The infrastructure bond will raise Sh44.8 billion, proceeds that will be utilised to support the construction of the 60,000-seater Talanta Sports City Stadium.
President William Ruto on Wednesday presided over the bell-ringing ceremony at the NSE, describing it as “a historic milestone” that confirms Kenya’s confidence in market-based financing and demonstrates how the country can sustainably fund large-scale infrastructure through its financial markets.
But speaking at a press briefing, Nyoro said Kenyans will pay back in excess of Sh100 billion in interest alone over the 15-year tenure of the security bond on an already overstretched debt book.
“The government is coming up with this kind of facility so that it does not seem like our debt is growing, when in reality, we are essentially operating another secret book of debt,” Nyoro said.
“One secret book was the fuel levy; the second is this Talanta bond under the auspices of the Sports Fund,” he claimed.
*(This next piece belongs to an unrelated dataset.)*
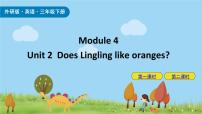 外研版 (三年级起点)三年级下册Unit 2  Does Lingling like oranges?获奖ppt课件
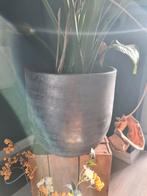 Grote bloempot, Gebruikt, Rond, Binnen, Minder dan 40 cm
According to the MP, Kenyans will be obligated to repay the loan at a rate of 15.04 per cent semiannually, translating to approximately Sh3.4 billion every six months until 2040.
“The 15.04 per cent may seem like just figures, but they affect every Kenyan. The government will be paying around Sh3.4 billion from the Sports Fund every six months. By the time the bond matures in 15 years, Kenyans will have paid over Sh100 billion for a loan of Sh44.8 billion.
"If that cannot make us angry as Kenyans, I do not know what will."
Nyoro described the move as “mortgaging streams of revenue” to spend today the money that the country will need in the next 15 years.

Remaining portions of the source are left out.